Here are some... Urologist is trying to modify your urine features so not to form crystal congregation leading to stone formation with the drugs after diligent stone work-up. Even so, a clinical & laboratory follow-up is needed. Without stone work-up, I used: 1. maintain daily urine output > 2500 cc, & 2. decrease oral consumption of salt, red meat, & dairy products by >35-50% as universal preventive measures.
Yes to Urocit-K. Commonly used brand name form of potassium citrate in the management of uric acid stones. Comes in a wax-matrix tablet - since the human body cannot digest wax, the tablet is extruded "whole" after the medication is extracted from it. Some physicians are coerced into using generic sodium citrate/bicarbonate; sodium potentiates renal calcium excretion - bad idea in a stone former.
Yes. Potassium citrate is a useful drug for prevention of many, if not most types of stone formation. Though there may be different metabolic defects in different people who form calcium oxalate stones, k-citrate has been shown to improve urinary citrate excretion and thus binding of urinary calcium. In addition, increased urine ph can help reduce uric acid stone formation.

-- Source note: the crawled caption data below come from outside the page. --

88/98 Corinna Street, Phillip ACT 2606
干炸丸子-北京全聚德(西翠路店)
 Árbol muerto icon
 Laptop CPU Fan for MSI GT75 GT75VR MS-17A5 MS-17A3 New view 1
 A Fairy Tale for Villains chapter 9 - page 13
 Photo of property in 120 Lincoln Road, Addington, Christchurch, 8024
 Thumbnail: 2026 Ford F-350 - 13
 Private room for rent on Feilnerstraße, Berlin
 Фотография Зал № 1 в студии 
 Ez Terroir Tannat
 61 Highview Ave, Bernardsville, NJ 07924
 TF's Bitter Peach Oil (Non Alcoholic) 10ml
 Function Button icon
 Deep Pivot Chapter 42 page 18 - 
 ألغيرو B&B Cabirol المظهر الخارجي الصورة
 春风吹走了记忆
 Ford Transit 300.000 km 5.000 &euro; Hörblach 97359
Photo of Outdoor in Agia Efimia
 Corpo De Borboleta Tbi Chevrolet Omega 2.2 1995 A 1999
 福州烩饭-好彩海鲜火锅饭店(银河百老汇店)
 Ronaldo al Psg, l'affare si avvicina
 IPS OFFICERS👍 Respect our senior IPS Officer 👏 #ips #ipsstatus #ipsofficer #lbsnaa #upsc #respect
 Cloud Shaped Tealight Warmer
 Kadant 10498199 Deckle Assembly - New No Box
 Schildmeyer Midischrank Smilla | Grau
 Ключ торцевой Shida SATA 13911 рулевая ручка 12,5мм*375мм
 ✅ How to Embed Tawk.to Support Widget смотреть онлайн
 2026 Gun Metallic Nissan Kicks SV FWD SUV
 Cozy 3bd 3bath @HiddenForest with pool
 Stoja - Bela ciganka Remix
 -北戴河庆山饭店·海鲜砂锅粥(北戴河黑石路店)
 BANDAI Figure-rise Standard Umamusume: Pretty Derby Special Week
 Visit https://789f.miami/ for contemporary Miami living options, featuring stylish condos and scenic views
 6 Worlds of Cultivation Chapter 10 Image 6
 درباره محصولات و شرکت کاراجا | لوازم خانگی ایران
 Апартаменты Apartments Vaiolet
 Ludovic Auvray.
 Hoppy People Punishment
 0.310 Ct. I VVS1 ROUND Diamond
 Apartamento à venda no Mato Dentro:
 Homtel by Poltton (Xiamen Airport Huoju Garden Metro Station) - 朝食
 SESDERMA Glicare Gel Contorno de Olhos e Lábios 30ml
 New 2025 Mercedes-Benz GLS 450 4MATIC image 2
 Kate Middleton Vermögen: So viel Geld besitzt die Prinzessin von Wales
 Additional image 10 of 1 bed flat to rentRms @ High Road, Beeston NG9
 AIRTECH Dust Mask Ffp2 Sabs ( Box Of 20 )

Urocit K (potassium citrate) Sure - it is widely used and is very effective. The only challenge is the tablet number. It becomes "easier" to intake citrate by a liquid formulation : Bicitra (citric acid and sodium citrate) or Polycitra or ReaLemon Extract or Orange Juice......these all are excellent alternatives.
Kidney stones. It really depends on the cause of the stones. If you have a low citrate level in your urine or have calcium oxalate or calcium phosphorus stones, urocit k (potassium citrate) can help. However for uric acid stones it does not to much.
Several stones - yes. Urocit k (potassium citrate) works for calcium oxalate stones and uric acid stones.
Urocit K (potassium citrate) No. Urocit K (potassium citrate) is excellent. But it requires a prescription and the practitioner must determine it is necessary and helpful. Most kidney stones are calcium stones with oxalate, and urocit K (potassium citrate) lessens their formation very well. But requires prescription.
Inhibits crystals. Urocit k (potassium citrate) alters urine acid levels and provides citrate which binds to calcium so it can't complex with oxalate to form the most common form of kidney stone.